We have a number of robots installed at various locations, and servicing customers. All robots get their instructions from a central cloud database with customer data, and each have an SQS queue which delivers the commands they have to execute, and the robots broadcast any events using SNS, and some lambdas are triggered by these SNS messages and handling them.
Now we want to have a better handling and overview of errors occurring on the robots and in generel have better statistics.
What we need is:
- Get an alarm when an error happens that requires manual action to recover.
- An overview of which types of errors that happens most.

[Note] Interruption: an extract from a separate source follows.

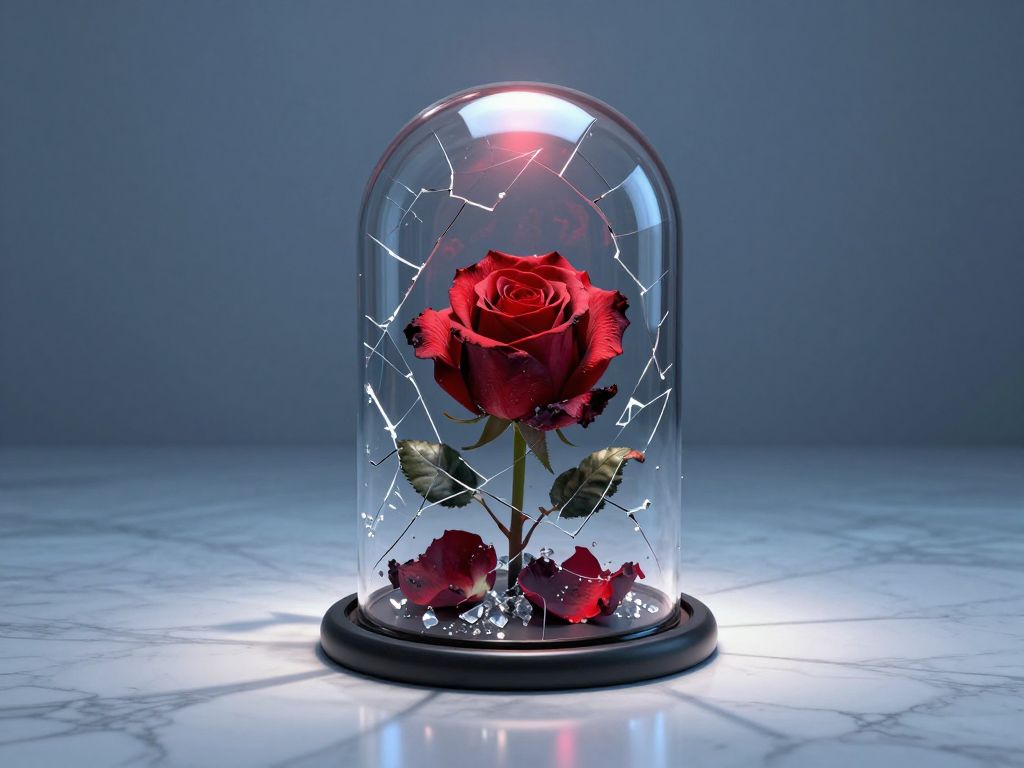 A wilting rose trapped inside a cracked glass dome, shattered crystal shards scattered across cold white marble.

- What errors happen before others (i.e. what error has lead us to a
recovery_error
which needs manual maintenance) Overall stats of the performance from a given period
- Number of successful sessions
- Failed sessions caused by user error
- Failed sessions caused by technical errors
- Errors where the robot cannot automatically recover and go back to initial position.
All messages have a type
attribute which can be status
, warning
, error
or recovery_error
and a value
attribute which describes the type of status, error etc.

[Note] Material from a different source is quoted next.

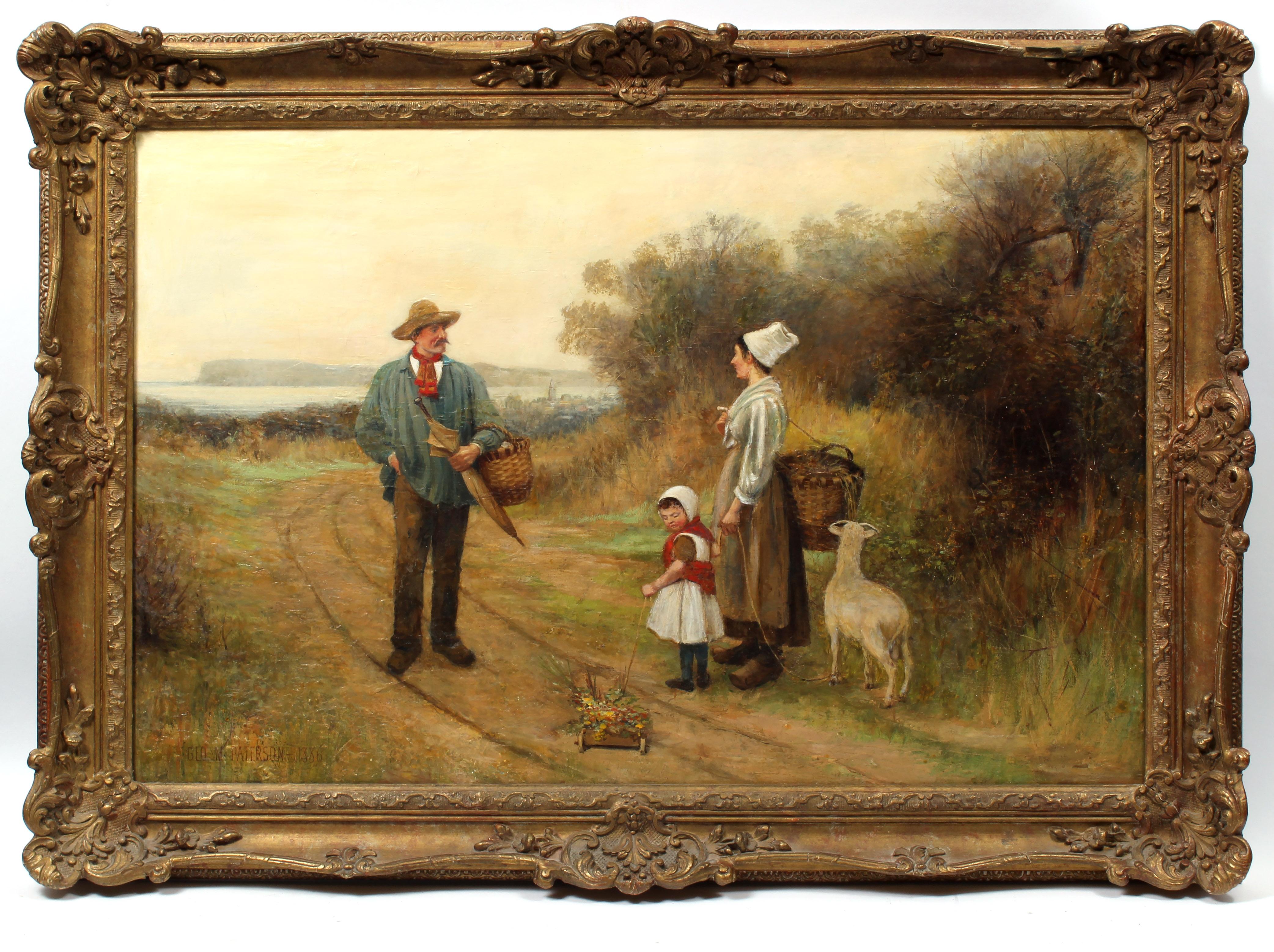 George M. Paterson Landscape Painting - Large Antique British Oil Painting Dog Picnic Charming 1886 Mother Child Framed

My thought is to have a lambda that's subscribed to all SNS messages and will upload these to another system which we will then collect it all and provide what we need for extracting the data mentioned above.
Which AWS products would you recommend for this? I already looked a little at CloudWatch, but I'm not sure if it can cover our needs.
We have also considered just dumping all SNS messages into a database, and do custom queries on the tables. But that sounds like a solution that can quickly require a lot of work on our side, as our need grows.
We'd prefer an off the shelf solution and adjust our workflow to that.
Thanks in advance for any tips.
CloudWatch provides out of box time based metrics and logs ingesting, querying and dashboard. Also it provides alarming based on the metrics. Generally it satisfies your requirements to collect the metrics of your devices, alarming when something error happening, having stats dashboard based on given period. Even you can use CloudWatch agent/API directly sending the data from devices.
Also managed elastic search with Kibana also provides the great data aggregation capability and better dashboard user experience.
Another approaching is leveraging the IoT services they probably better fit into your requirements.